Copier-coller de la journée de jeudi au final : avec un peu plus de 100km et les 560km atteints, la météo avait été sensiblement la même et j'avais donc passé une bonne journée.
Quand je me couchais, vers minuit trente, j'étais bien. Seulement j'avais oublié qu'on était vendredi et que la boîte de nuit proche du circuit allait encore se faire entendre. Bon, ça masquerait les bips des passages sur les tapis de pointage et atténuerait le bruit des frottements des chaussures des zombies de la nuit.

Samedi : jour N°7
Je fut réveillé vers 5h par des cris et je me rendis compte qu'ils s'agissait de fêtards éméchés qui se battaient sur le parking du dancing. Plus du tout envie de dormir, une demie heure plus tard je me levai, pris mes affaires et allai aux douches pour me préparer car il faisait trop froid pour le faire dans ma tente. Peu après 6h30 j'étais prêt à courir non sans avoir avalé deux tasses de chocolat chaud et quelques morceaux de barres de céréales. A 7h passées, je m'arrêtais au stand du petit-déjeuner où je pris mon vrai premier repas de la journée. Il fallait qu'il soit consistant car je voulais me libérer le plus rapidement possible des échéances que je m'étais fixées : passer les 600km avant 13h puis atteindre les 615 voire plus si j'avais de l'avance.
Quand je suis passé devant le tableau d'affichage, comme tous les matins, je jetai un coup d’œil au classement et je m'aperçus que j'étais 20ème et que les coureurs de devant n'étaient pas si loin que ça.
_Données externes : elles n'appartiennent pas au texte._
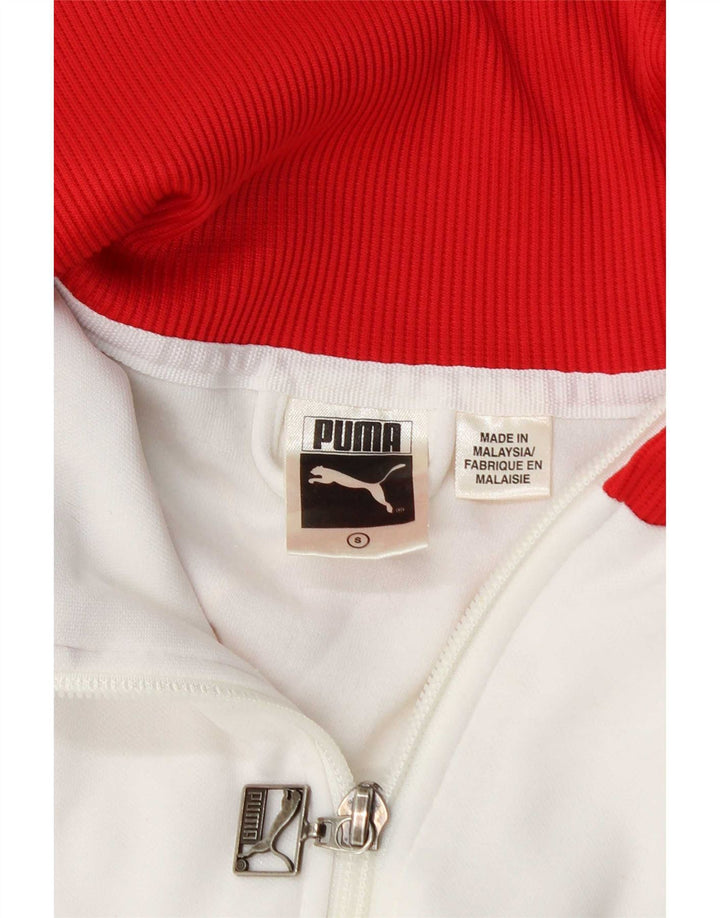 Puma Veste de survêtement pour femme UK 10 Small Blanc Colorblock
Je pouvais tenter de grappiller deux ou trois places s'ils ne se défendaient pas plus que ça. Moi, j'avais dormi, par forcément eux.
J'avais des jambes comme sur les étapes de la Transe Gaule, donc je pouvais aller un peu plus vite et aligner des séries de trois ou quatre tours sans fléchir. A ce rythme, le compteur kilométrique montait bien et je pouvais contrôler lors de mes tours moins rapides car ponctués de marche.
Je passais la barre symbolique des 600km peu avant 13h sans savoir que j'en avais déjà fait 5 de plus, le remesurage n'ayant pas encore été fait. La fin était interminable mais je poursuivais mon effort afin de stopper toute velléité de retour de concurrents de l'arrière.
La piste était « bondée » beaucoup de concurrents ne couraient plus, l'euphorie montait au fur et à mesure que l'heure de la fin de course se rapprochait.
Je m'arrangeais pour faire mon dernier tour en prenant au passage mon sac de rechange afin d'aller directement après la fin de l'épreuve prendre ma douche, non sans avoir déposé au préalable ma puce et le morceau de bois témoignant du point final des 144h à l'endroit où je me trouverais au moment du coup de pistolet final.
Je voulais éviter les embrassades, ce n'est pas mon truc, et je souhaitais me changer le plus vite possible car je devais démonter ma tente et ranger tout mon matériel dans ma voiture avant la nuit, sachant que la cérémonie des récompenses était prévue pour 18h.
Quand j'ai déposé mon bout de bois et la puce, dans mon esprit j'avais fait environ 622km et quelle ne fut pas ma surprise d'apprendre que j'avais en réalité couru 628,980km suite au mesurage effectué en milieu d'après-midi à deux heures de la fin de course par un mesureur officiel de la FFA.
17ème place comme coureur des 6 jours, 19ème au scratch en comptant les marcheurs, 14ème en ne considérant que les coureurs hommes. J'étais dans le top 20 et ça me satisfaisait. Ma gestion de course m'a convenu. Je ne suis pas certain que j'aurais pu faire plus de kilomètres en gérant mes temps de course et de repos autrement en raison de la configuration du parcours et de la disposition des points de ravitaillements, des sanitaires, des lieux de couchage … 
Ce sont des paramètres à ne pas négliger, fortement chronophages et énergivores. Or la gestion du temps et la gestion de l'énergie sont les axes les plus importants pour réussir la meilleure performance sportive possible.